■ **Work request**: From the data that follows, set down exactly the lines from the one with "Top view of" through the one with "Spacious kitchen with", counting both. Pictures stay out.

■ **Input material**:
******
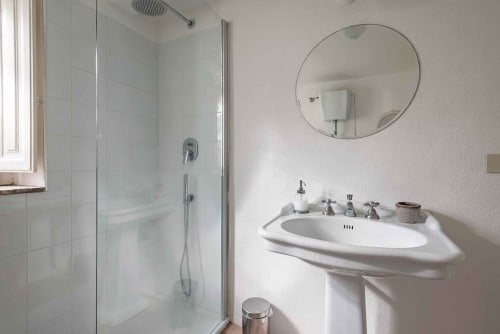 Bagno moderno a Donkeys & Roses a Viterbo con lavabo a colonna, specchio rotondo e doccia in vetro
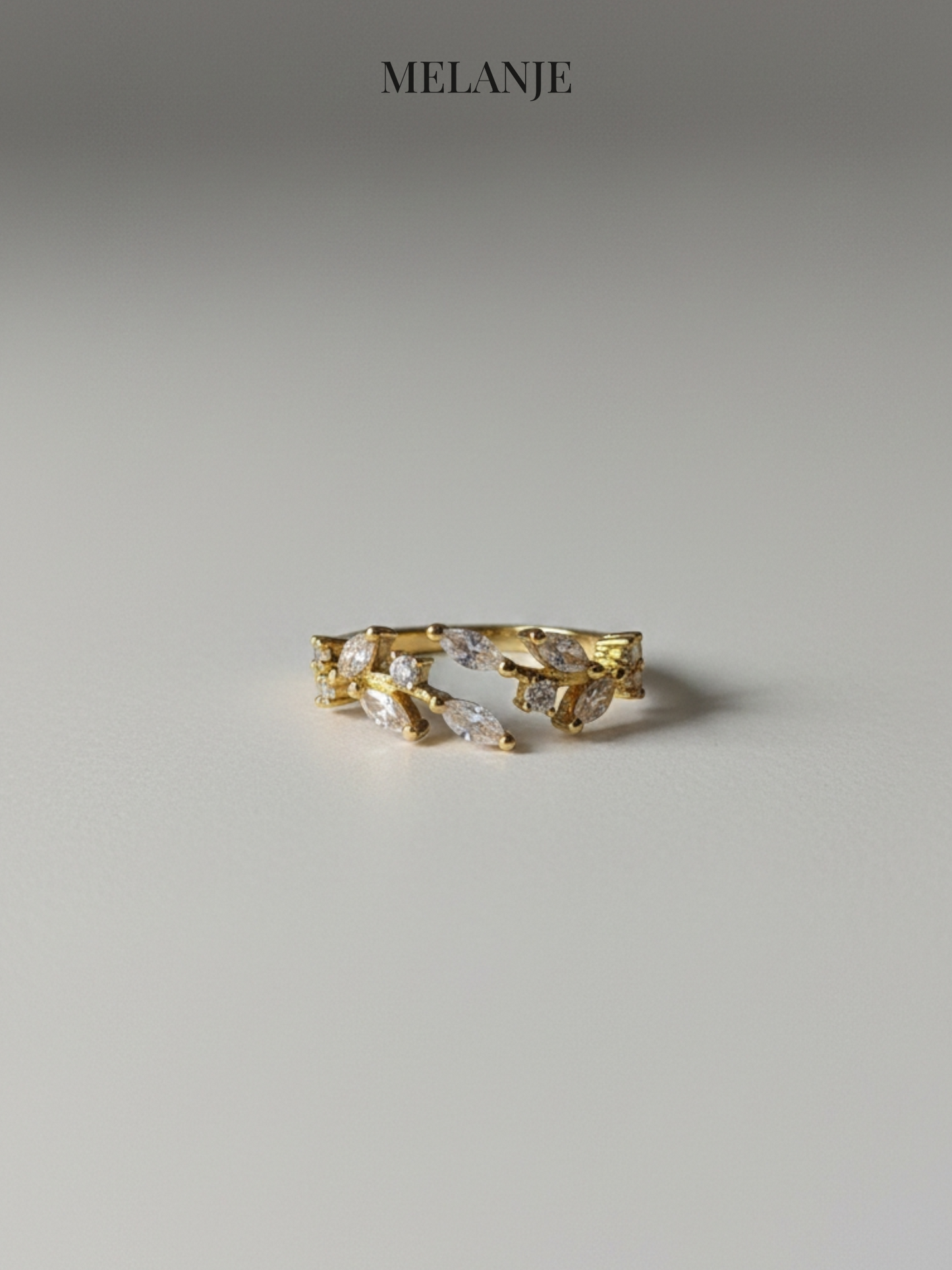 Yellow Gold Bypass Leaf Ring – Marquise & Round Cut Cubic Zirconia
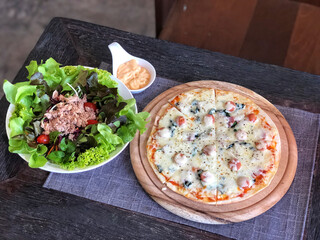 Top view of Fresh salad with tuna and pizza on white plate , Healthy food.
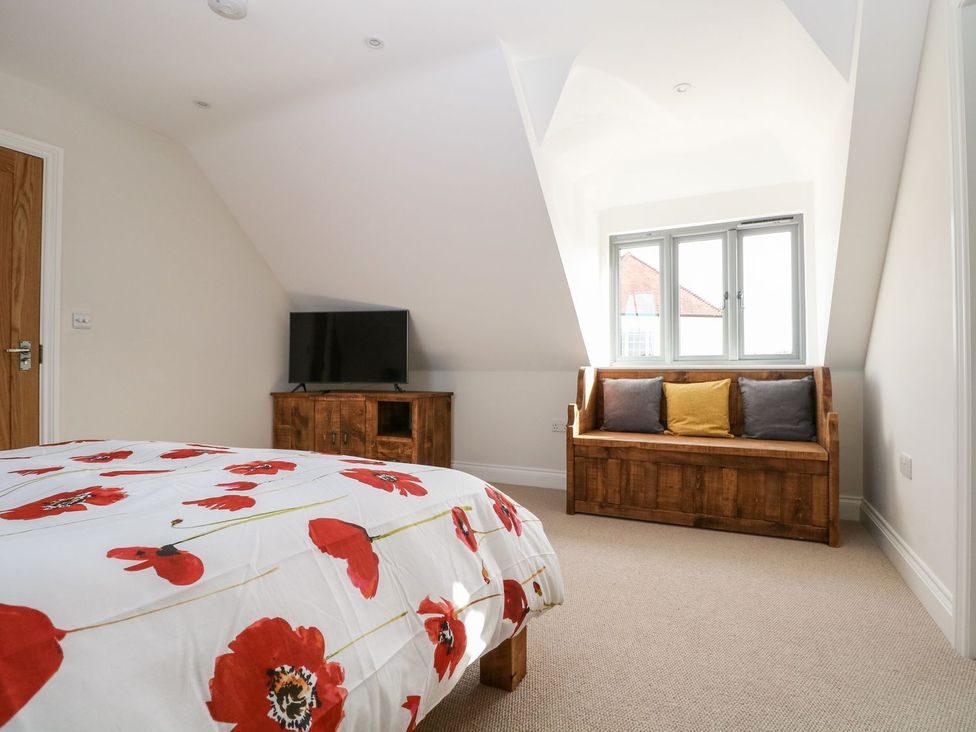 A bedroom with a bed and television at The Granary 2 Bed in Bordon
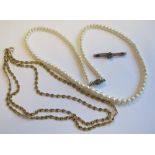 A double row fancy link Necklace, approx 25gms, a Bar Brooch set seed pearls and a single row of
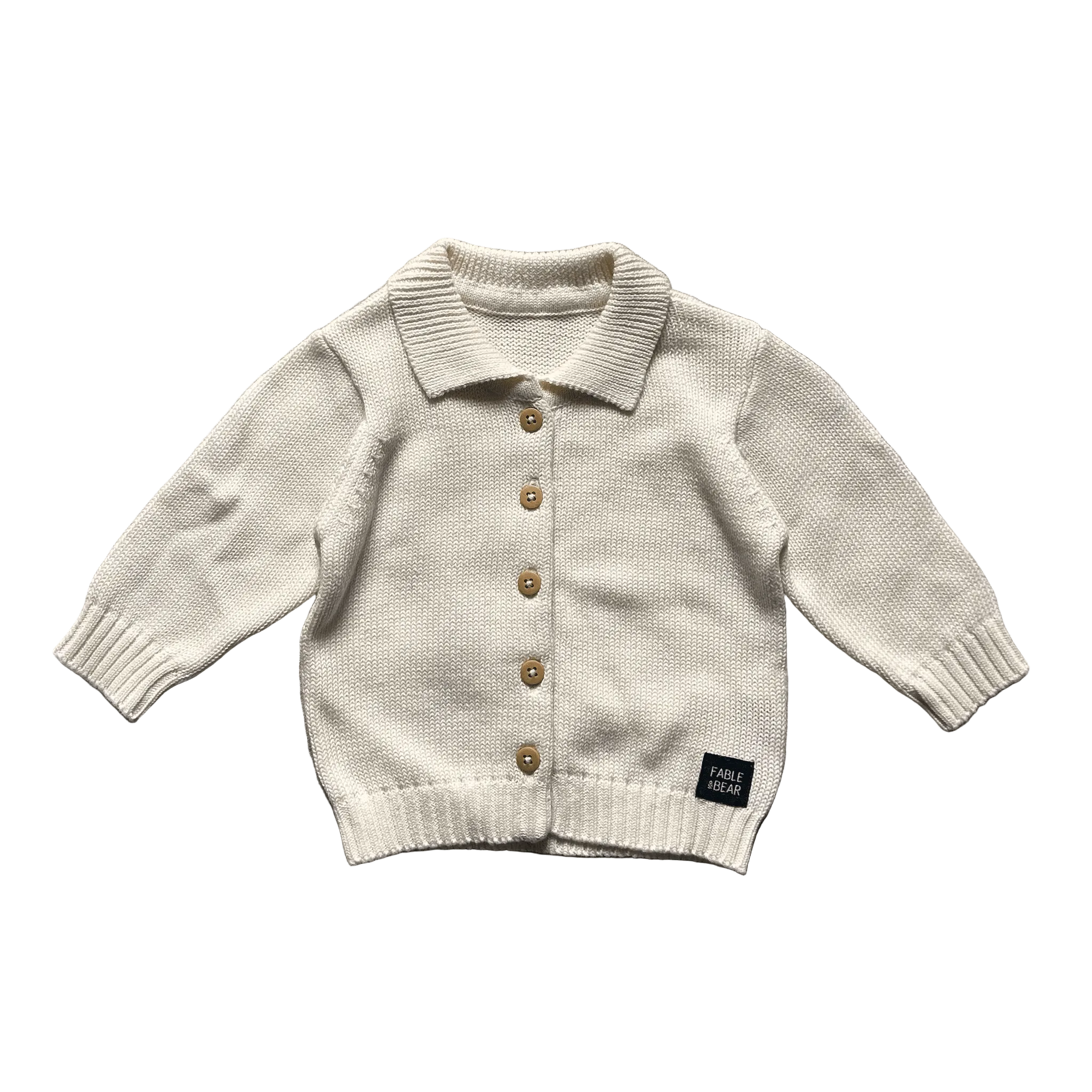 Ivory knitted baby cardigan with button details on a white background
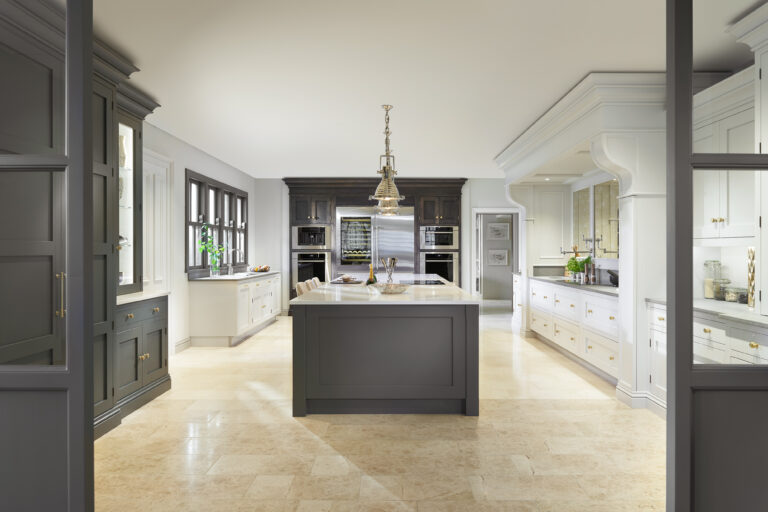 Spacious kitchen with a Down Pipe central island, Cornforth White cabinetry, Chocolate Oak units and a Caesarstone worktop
******
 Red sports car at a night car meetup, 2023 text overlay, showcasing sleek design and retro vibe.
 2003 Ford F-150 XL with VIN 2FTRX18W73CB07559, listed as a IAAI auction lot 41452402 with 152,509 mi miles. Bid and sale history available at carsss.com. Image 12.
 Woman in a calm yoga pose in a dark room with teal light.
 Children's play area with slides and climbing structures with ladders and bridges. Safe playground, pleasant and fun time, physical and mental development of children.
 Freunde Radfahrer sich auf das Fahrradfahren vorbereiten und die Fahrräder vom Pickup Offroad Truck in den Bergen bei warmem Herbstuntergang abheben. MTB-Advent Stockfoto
******
■ **Solution**:
 Top view of Fresh salad with tuna and pizza on white plate , Healthy food.
 A bedroom with a bed and television at The Granary 2 Bed in Bordon
 A double row fancy link Necklace, approx 25gms, a Bar Brooch set seed pearls and a single row of
 Ivory knitted baby cardigan with button details on a white background
 Spacious kitchen with a Down Pipe central island, Cornforth White cabinetry, Chocolate Oak units and a Caesarstone worktop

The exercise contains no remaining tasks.